Nothing has come to our attention that would lead us to
believe that the Registration Statement or any amendment thereto, including the
Rule 430A Information and Rule 434 Information (if applicable), (except for
financial statements and schedules and other financial data included or
incorporated by reference therein or omitted therefrom, as to which we need make
no statement), at the time such Registration Statement or any such amendment
became effective, contained an untrue statement of a material fact or omitted to
state a material fact required to be stated therein or necessary to make the
statements therein not misleading or that the Prospectus or any amendment or
supplement thereto (except for financial statements and schedules and other
financial data included or incorporated by reference therein or omitted
therefrom, as to which we need make no statement), at the time the Prospectus
was issued, at the time any such amended or supplemented prospectus was issued
or at the Closing Time, included or includes an untrue statement of a material
fact or omitted or omits to state a material fact necessary in order to make the
statements therein, in the light of the circumstances under which they were
made, not misleading.
In rendering such opinion, such counsel may rely to matters of
fact (but not as to legal conclusions), to the extent they deem proper, on
certificates of responsible officers of the Company and public officials.

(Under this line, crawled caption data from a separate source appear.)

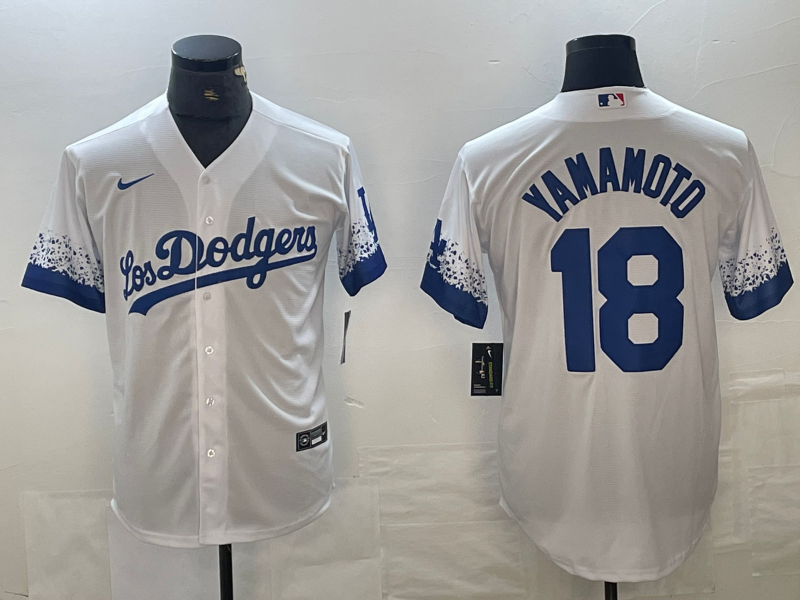 Men's Los Angeles Dodgers Yoshinobu Yamamoto #18 White Jersey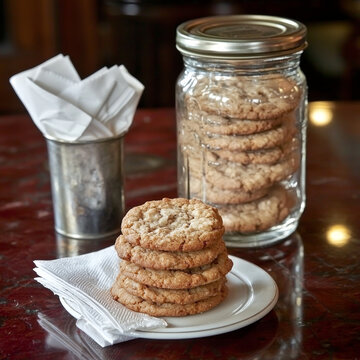 Golden cookies stacked on a white plate with napkins, and a glass jar filled with cookies on a dark table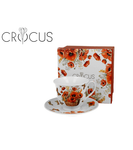 White Porcelain Cup with Saucer with Poppies Pattern - 250 ml | DUO-M02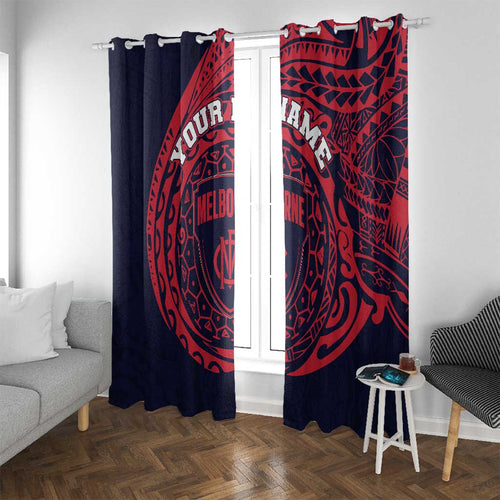 Personalized Melbourne Demons Polynesian Window Curtain Tribal Chest and Sleeve Tattoo Heritage Warrior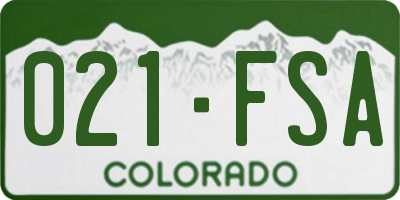CO license plate 021FSA
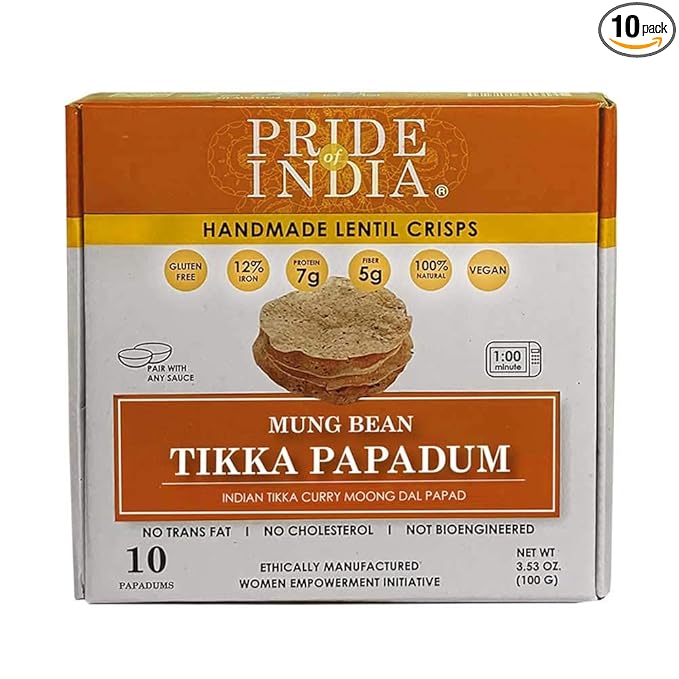 Pride Of India - Tikka Curry Mung Bean (Moong Dal) Papadum Lentil Crisp, 10 count (3.53oz - 100gm)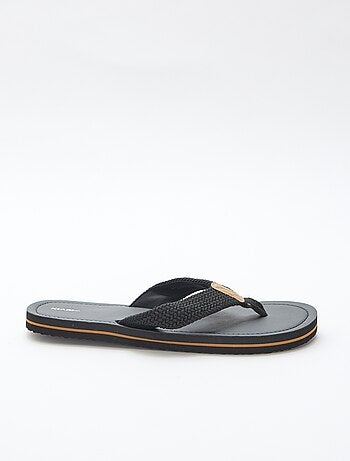 Teenslippers met stoffen bandjes
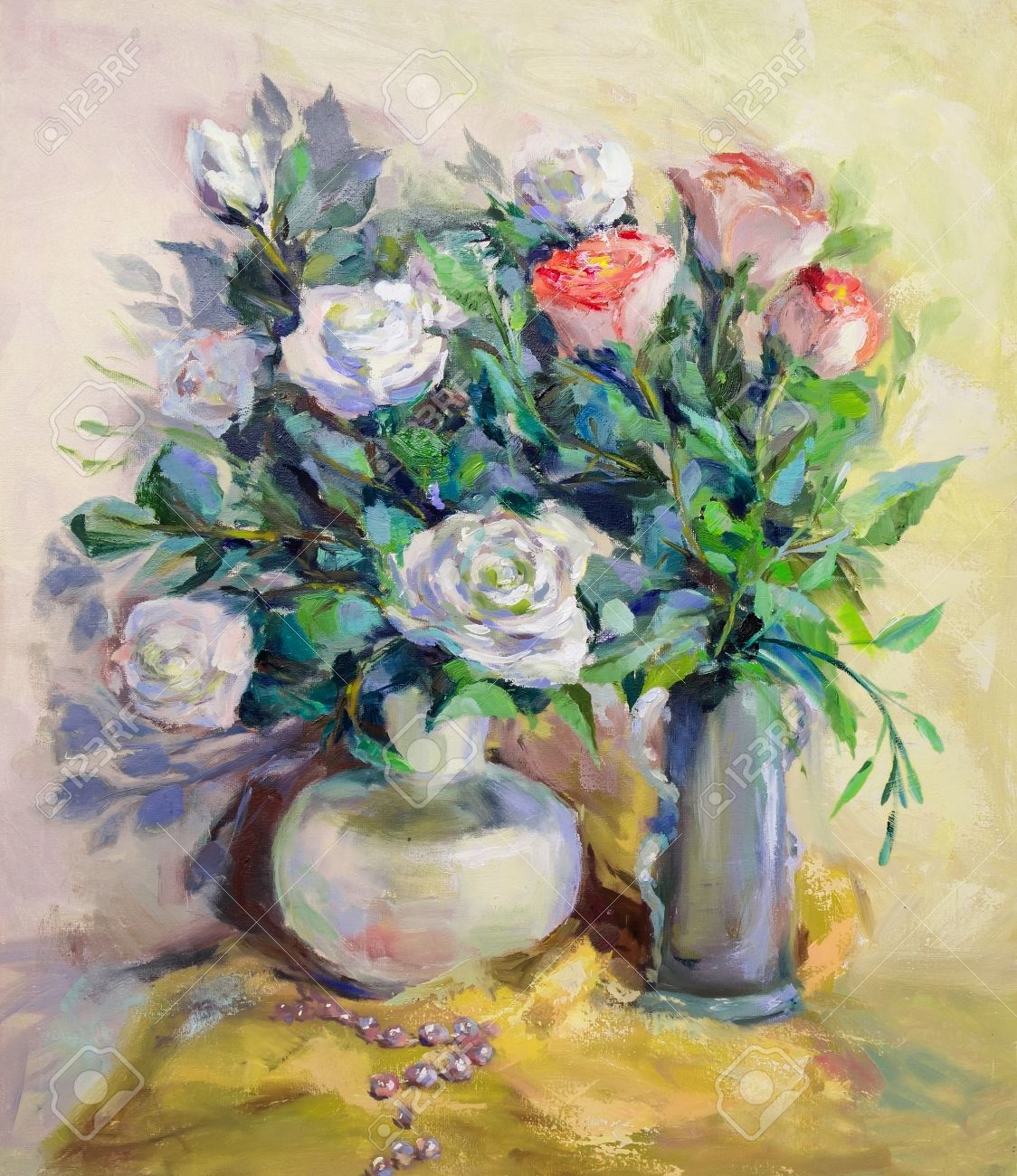 油彩画、印象派のスタイル、テクスチャーのペイント、花のある静物絵画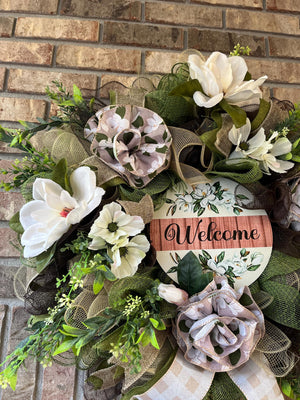 Farmhouse Welcome Wreath | Black & White Buffalo Plaid by Bouge Creations, view 6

Such
opinion shall not state that it is to be governed or qualified by, or that it is
otherwise subject to, any treatise, written policy or other document relating to
legal opinions, including, without limitation, the Legal Opinion Accord of the
ABA Section of Business Law (1991).
B-4
45
Exhibit C
FORM OF OPINION OF COUNSEL FOR THE SELLING SHAREHOLDER
TO BE DELIVERED PURSUANT TO SECTION 5(d)
(i) No filing with, or consent, approval, authorization, license, order,
registration, qualification or decree of, any court or governmental authority or
agency, domestic or foreign, (other than the issuance of the order of the
Securities and Exchange Commission declaring the Registration Statement
effective and such authorizations, approvals or consents as may be necessary
under state securities laws, as to which we need express no opinion) is
necessary or required to be obtained by the Selling Shareholder for the
performance by the Selling Shareholder of its obligations under the Purchase
Agreement, or in connection with the offer, sale or delivery of the Securities.
(ii) The Purchase Agreement has been duly authorized, executed and
delivered by or on behalf of the Selling Shareholder.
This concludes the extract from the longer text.